## Supplied information
--- --- ---

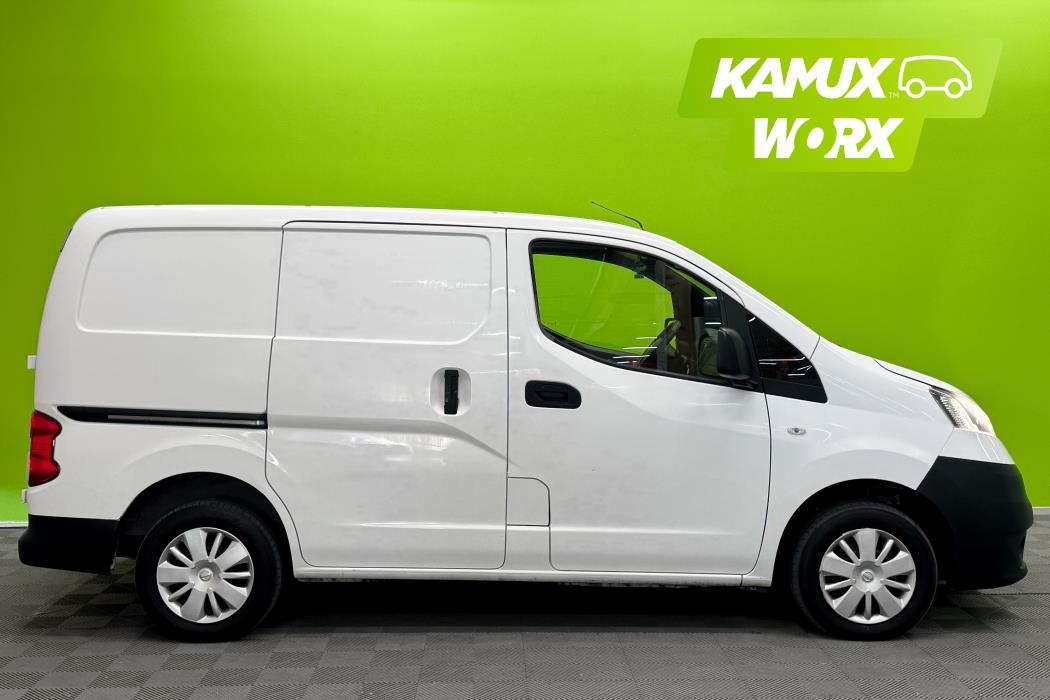 Nissan NV200 2015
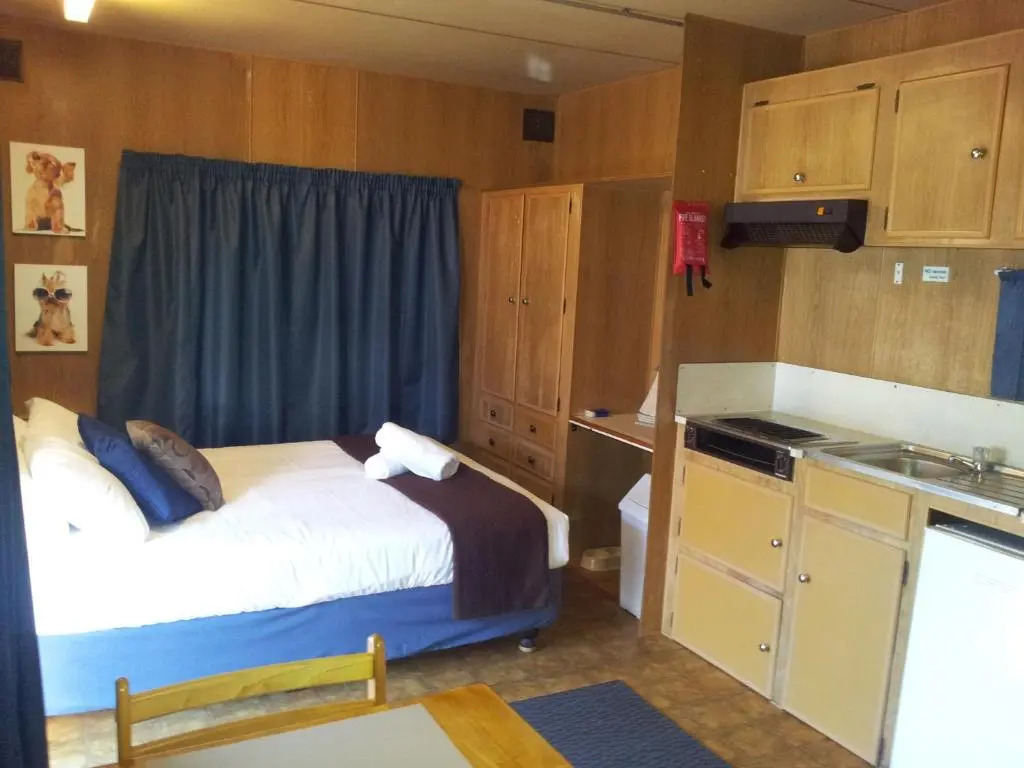 River Retreat Home & Holiday Park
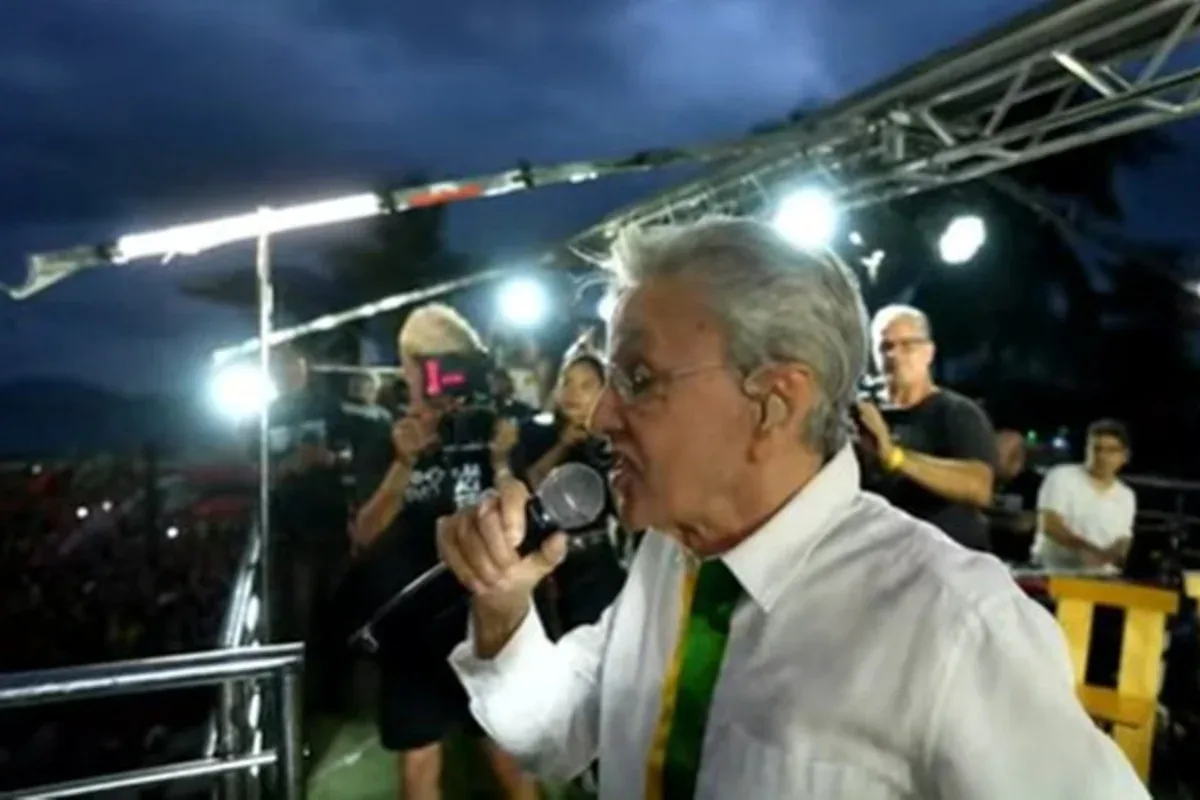 Artistas se reúnem em Copacabana para o "Ato Musical pela Democracia"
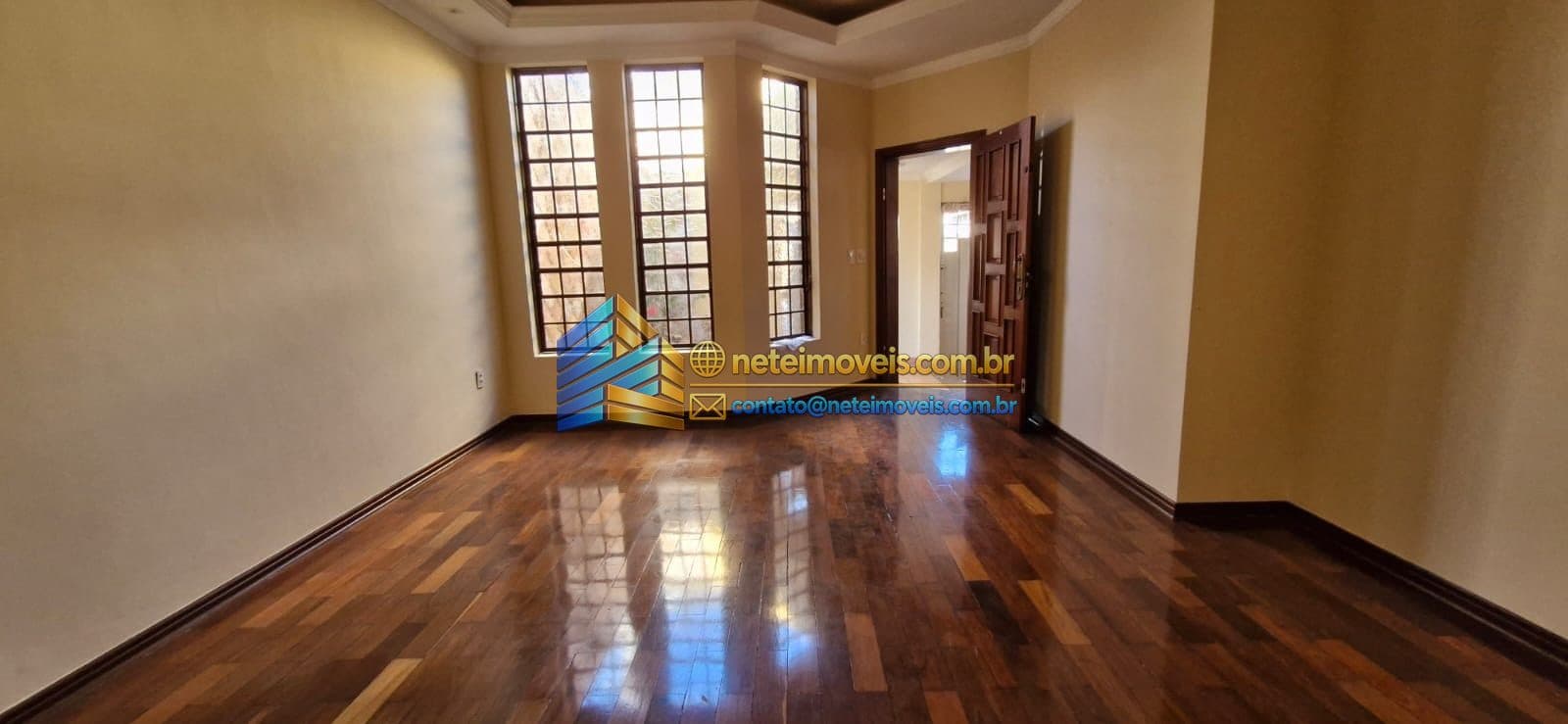 Imperdível Casa Comercial ou residencial à Venda em Franca-SP, Bairro São Joaquim! 3 Quartos, 1 Suíte, 3 Salas, 3 Banheiros, 2 Vagas de Garagem. — foto 1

--- --- ---

Give the listing above again in its entirety, exactly as written and free of images.

 Nissan NV200 2015
 River Retreat Home & Holiday Park
 Artistas se reúnem em Copacabana para o "Ato Musical pela Democracia"
 Imperdível Casa Comercial ou residencial à Venda em Franca-SP, Bairro São Joaquim! 3 Quartos, 1 Suíte, 3 Salas, 3 Banheiros, 2 Vagas de Garagem. — foto 1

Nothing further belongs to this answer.